# Most flattering flourescent?



## Bob Vivian (Sep 10, 2004)

Hi Folks,
What T12 flourescent would you suggest I use for general illumination purposes?

I have a reef fixture, MH/ flourescent combo, on my 135. The MH's are on a timer and are the primary grow light. The flourescents are left on for sunrise and sunset so I really don't need them for plant growth.

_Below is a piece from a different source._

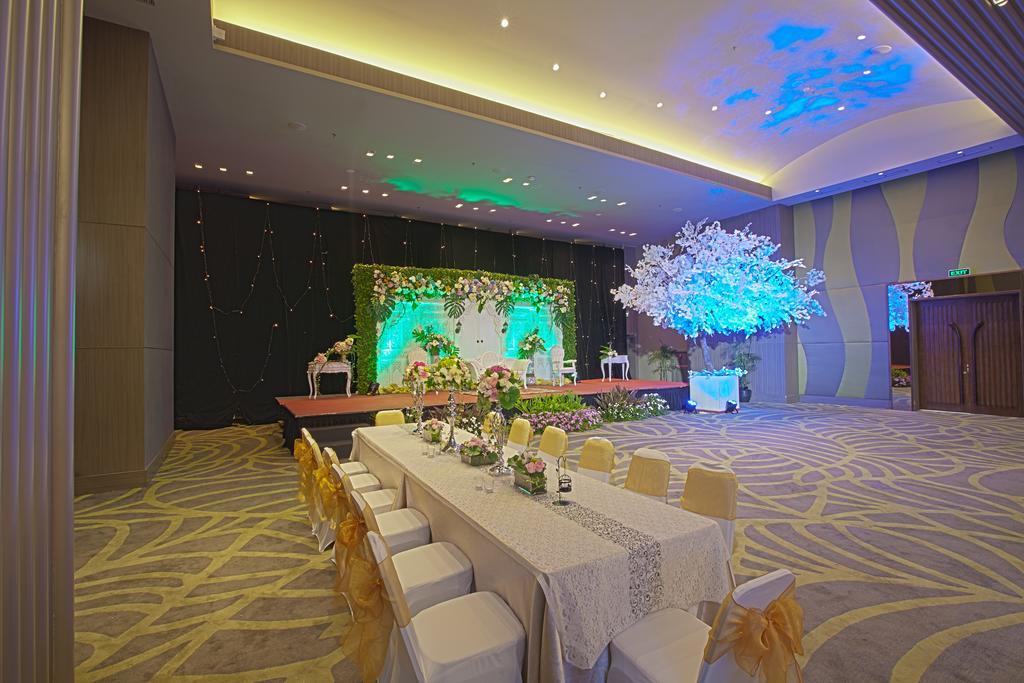 El Hotel Jakarta Exterior foto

However, I would like to maximize the beauty of the plants and fish at my favorite viewing times, AM and evening.

What's your preference?

Thanks,
Later


----------



## tsunami (Jan 24, 2004)

I like a mix between the URI Aquasun and Coralife Trichromatic. The URI aquasun pulls out beautiful reds without sacrificing green coloration in non-red plants. The Coralife Trichromatic is very blue-green so it pumps up the appearance of the green plants. Together, they create a beautiful, crisp lighting system.

Carlos


----------



## Urkevitz (Oct 26, 2004)

If you want something cheaper you could try Philips Daylight Deluxe 6500k, I also saw Ge Chromas 6500k at lowes.


----------



## Bavarian3 (Oct 21, 2004)

tsunami said:


> I like a mix between the URI Aquasun and Coralife Trichromatic. The URI aquasun pulls out beautiful reds without sacrificing green coloration in non-red plants. The Coralife Trichromatic is very blue-green so it pumps up the appearance of the green plants. Together, they create a beautiful, crisp lighting system.
> 
> Carlos


what would u recommend if i wanted to do a single VHO bulb and a regular flourescent bulb on my 55g. which one would u pick to be the URI aquasun and which to be the coralife. and would u recommend them to be good growing bulbs? These would be the only two on my tank


----------